Rozdział: Szósty

3.3K 71 6
                                    

Przekrzywiam głowę analizując słowa Amira. Muszę spać z nim nago, w jednym łóżku, pod jedną pościelą.

Wzdycham ciężko i wbijam wzrok w drzwi łazienkowe. Nie został, aby patrzeć, jak to robię. Po prostu wyszedł do łazienki dokończyć wieczorną toaletę.

Ociężałymi ruchami łapię za krańce
białej bluzki, która idealnie wpasowuje się w kolor moich włosów.

Włosów, które przefarbowałam, aby podczas ucieczki z domu, nie być aż tak rozpoznawalną. Zadziałało, bo nawet sam Amir Alvarez mnie za pierwszym razem nie rozpoznał.

Chwytam mocniej i przeciągam przez głowę. Każdy ruch jest dla mnie tak ciężki, jakbym przenosiła kamienie, a nie jedynie ściągała odzież.

Spodnie lądują na podłodze, w taki sam ospały i ślamazarny sposób, ale koniec końców stoję na środku pokoju w samych majteczkach i cienkim staniku. Gołym okiem widać przez materiał biustonosza moje sterczące sutki, gdyż chłód w tym pokoju jest niewątpliwie dostrzegalny.

Sypialnia oświetlona jest jedynie dwoma małymi lampkami po dwóch stronach łóżka, co daje niezaprzeczalny klimat.

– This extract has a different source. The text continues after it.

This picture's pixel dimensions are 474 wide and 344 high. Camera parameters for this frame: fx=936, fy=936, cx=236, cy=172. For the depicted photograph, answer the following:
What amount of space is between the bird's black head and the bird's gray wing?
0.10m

Pytanie jednak czy zamierzony czy przypadkowy?

Przenoszę wzrok na próg łazienki, kiedy staje w nim Amir. Nonszalancko opiera się o framugę drzwi i trzyma w ustach szczoteczkę do zębów.

Przekrzywiam głowę uświadamiając sobie, że ja takiej nie posiadam. Uczucie brudnych zębów to moja zmora, ale dzięki ostatnim wydarzeniom nie miałam czasu nad tym rozmyślać.

-- Masz zapasową? -- pytam kiwając głową w stronę szczoteczki.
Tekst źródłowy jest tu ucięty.